Collection entries:
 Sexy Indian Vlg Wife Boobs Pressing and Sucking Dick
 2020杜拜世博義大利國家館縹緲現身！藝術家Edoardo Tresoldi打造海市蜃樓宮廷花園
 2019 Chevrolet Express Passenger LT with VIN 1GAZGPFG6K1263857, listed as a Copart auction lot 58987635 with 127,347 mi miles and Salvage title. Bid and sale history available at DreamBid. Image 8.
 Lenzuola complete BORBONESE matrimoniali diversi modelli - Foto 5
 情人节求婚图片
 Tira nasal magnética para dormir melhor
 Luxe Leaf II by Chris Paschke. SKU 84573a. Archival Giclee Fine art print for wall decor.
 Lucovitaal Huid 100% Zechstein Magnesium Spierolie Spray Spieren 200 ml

> _Required action_
Retype exactly, and only, the lines from the line holding "Luxe Leaf II" through the last line of the data; both of those lines count.

> _Completed exercise_
 Luxe Leaf II by Chris Paschke. SKU 84573a. Archival Giclee Fine art print for wall decor.
 Lucovitaal Huid 100% Zechstein Magnesium Spierolie Spray Spieren 200 ml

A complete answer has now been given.